We do see slight difference in actual memory speed and L3 cache performance by different Bulldozer modifications, but it is not critical at all. Moreover, we shouldn’t forget that all FX processors are Black Edition ones. It means that the multipliers for the clock frequency and the frequency of the built-in North Bridge are unlocked, which gives the users freedom to configure and easily overclock their processors. Some mainboards take advantage of this AMD FX feature and by default set the processor North Bridge frequency to 2.2 GHz for all Bulldozer CPUs.
By launching several different desktop Bulldozer modifications with various number of computational cores, AMD is putting up a very wide front.
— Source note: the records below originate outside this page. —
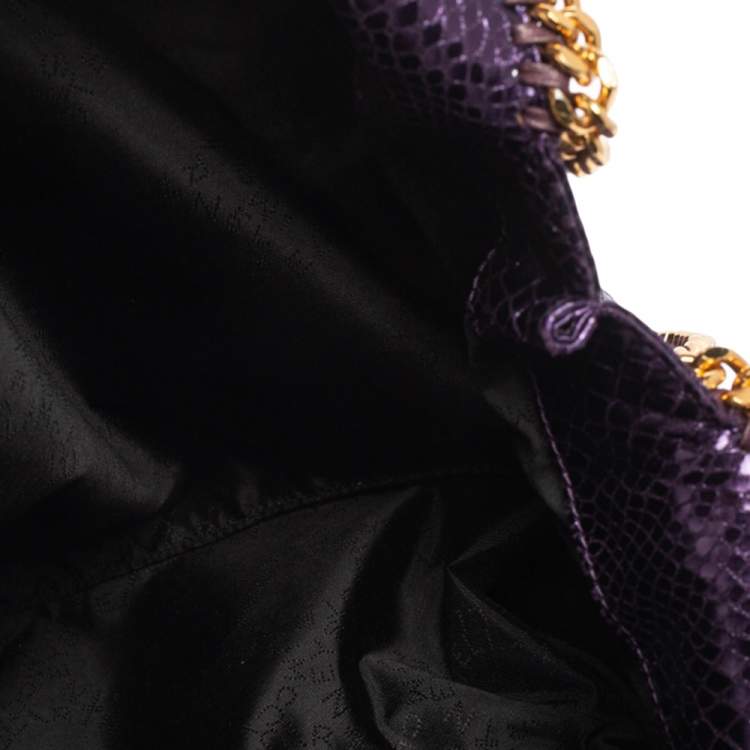 Pre Owned Stella McCartney Metallic Purple Faux Python Leather Large Falabella Tote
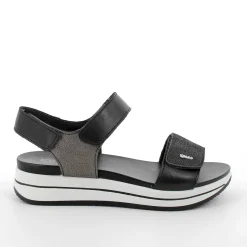 Woman Igi&Co Wedges-Black Women'S Leather Wedge Sandals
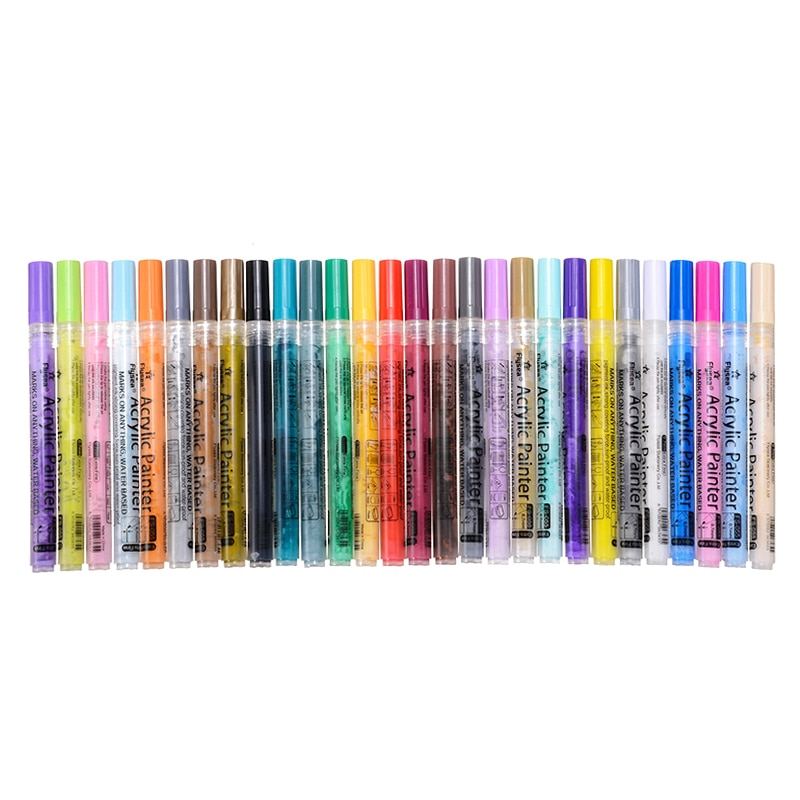 Painting Supplies Acrylic Paint Marker Pen 28 Colors/set Art Markers Wrote On Canvas Metal Ceramic Wood Plastic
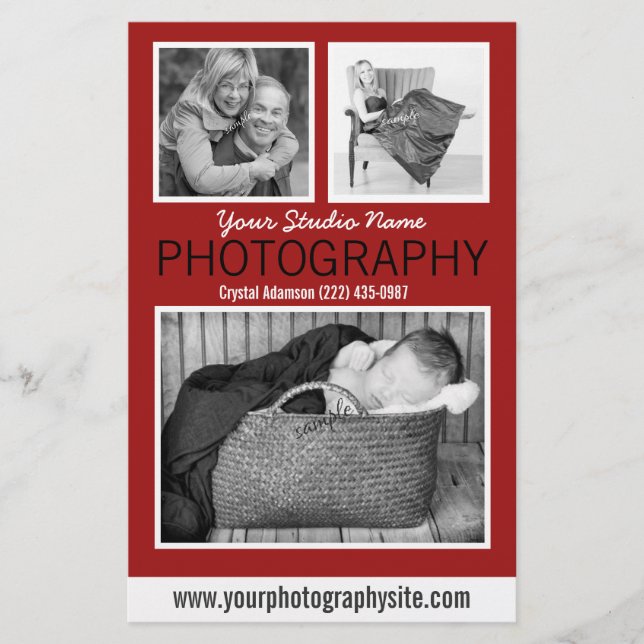 Geschäftshandbuch für Fotografen mit drei Fotos Flyer (Vorne)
All four contemporary FX processors have such different prices that they can be classified as belonging to completely different price categories. Therefore, we had to include a pretty vast number of competing products in our performance comparison featuring X-8150, FX-8120, FX-6100 and FX-4100 processors.
We are going to compare the eight-core desktop Bulldozer against a six-core Phenom II X6 1100T and top LGA 1155 quad-core processor from the Core i5 series. FX-6100 will be competing against mainstream Phenom II X6 and junior Core i5 CPUs. The price of FX-4100 suggests that we have to compare it against Phenom II X4 and Core i3 CPUs.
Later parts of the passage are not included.